Le biotecnologie verdi e libertà di impresa
I promotori lamentano "l'incertezza del diritto", visto che l'Italia non ha ancora recepito la sentenza della Corte europea di giustizia che paragona i prodotti ottenuti per mutagenesi con gli Ogm, ma lascia una certa discrezionalità ai paesi membri.

"Le nuove biotecnologie verdi pongono problemi che interessano leggi e politiche nazionali ed europee - ha detto Filomena Gallo, segretaria dell'Associazione Luca Coscioni - fino ad arrivare agli obblighi internazionali. In Italia rappresentano un chiaro esempio di violazione del diritto della scienza perché, proprio come sugli Ogm anche sulle piante geneticamente editate non è possibile far ricerca in campo aperto. Allo stesso tempo, sono anche un esempio di violazione del diritto alla scienza perché, mancando la sperimentazione, non è possibile immettere sul mercato prodotti sicuri, dando alle persone il diritto a poter beneficiare delle più recenti ricerche".

Molte le criticità emerse dalle tre ore di dibattito, organizzato con il sostegno di EuropaBio, moderate dalla giornalista Anna Meldolesi a cui hanno partecipato, oltre a Baldi e Piovan, Dario Frisio dell'Università Statale di Milano, Roberto Defez del Cnr di Napoli che ha sostenuto la necessità di un' "agricoltura post-ideologica" e che "non si può vivere di solo biologico"; Vittoria Brambilla, biotecnologa a Milano.

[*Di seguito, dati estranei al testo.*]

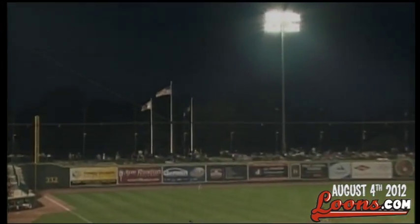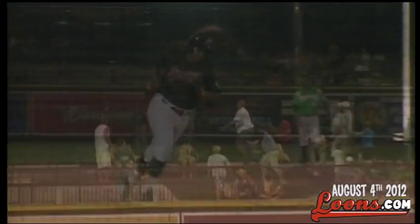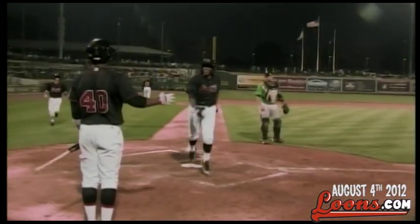Dixon breaks his bat, hits a high fly ball to left field — it's gone! He broke his bat and hit it out of the ballpark. Okoye Dixon with the homer, it is 5-0 Loons.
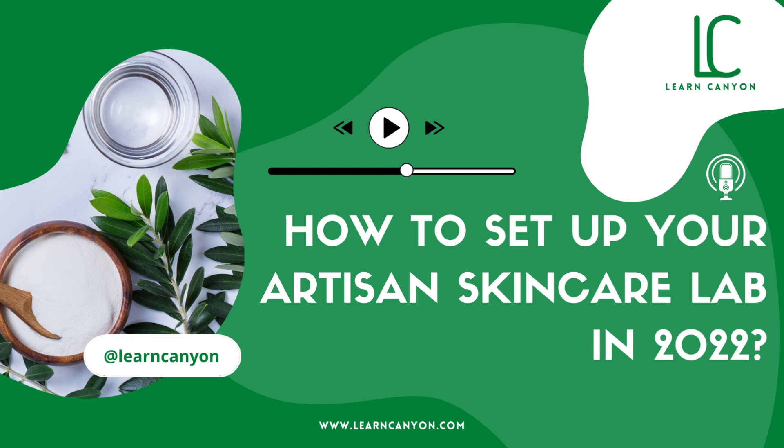Hello, I'm Ava and today in this podcast we are going to be discussing how to set up your artisan skincare lab in 2022. So, let's begin.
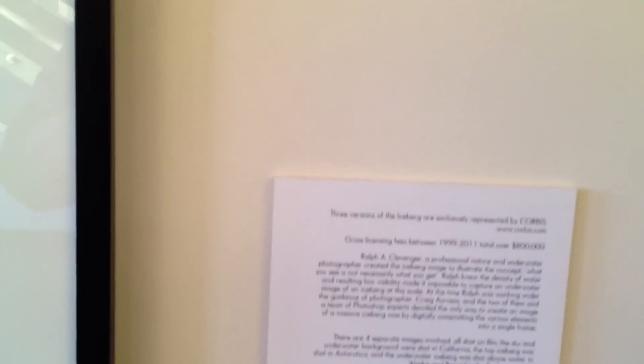I'm here with Mr. Ralph A. Clevenger. He's on the faculty here at Brooks Institute. I want to chat with him about a little picture that a lot of people may have seen that he's done — this amazing shot of an iceberg extending down below the waterline, just all sorts of magic. According to this placard right here, he made this shot in 1998. Tell me about the shot.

Anche Marco Cappato, tesoriere di Alc, ha ricordato che "da decine di paesi iniziano ad arrivare studi che confermano la non pericolosità di queste nuove bio-tecnologie verdi, come Crispr (una tecnologia di editing del genoma, un intervento di precisione che consente la correzione mirata di una sequenza di Dna, ndr), e che le piante così prodotte potrebbero essere portatrici di straordinarie potenzialità per un'agricoltura sempre più eco-sostenibile".

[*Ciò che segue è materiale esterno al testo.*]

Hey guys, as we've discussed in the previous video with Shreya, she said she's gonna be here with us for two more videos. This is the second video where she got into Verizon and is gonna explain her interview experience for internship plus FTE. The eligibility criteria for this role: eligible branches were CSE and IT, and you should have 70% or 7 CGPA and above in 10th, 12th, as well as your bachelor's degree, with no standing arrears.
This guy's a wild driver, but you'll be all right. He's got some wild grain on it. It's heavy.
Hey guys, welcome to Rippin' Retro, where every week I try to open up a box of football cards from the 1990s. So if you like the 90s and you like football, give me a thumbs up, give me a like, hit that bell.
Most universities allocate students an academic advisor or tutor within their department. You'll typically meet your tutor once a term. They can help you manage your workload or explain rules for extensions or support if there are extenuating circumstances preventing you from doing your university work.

La biotecnologa Vittoria Brambilla della Statale di Milano è attiva in quel settore di comunità scientifica europea mobilitato, a fianco dei promotori del convegno, contro la sentenza della Corte di Giustizia europea che ha equiparato le nuove tecniche di mutagenesi agli Ogm. L'alleanza tra scienziati e politica potrebbe dare vita ad azioni anche ad azioni di disobbedienza civile per portare in pieno campo i frutti della ricerca Crispr. "Troveremo il modo - ha detto in fondo al dibattito Perduca - per affermare il diritto alla scienza, sapendo che occorrerà disobbedire a una legge proibizionista".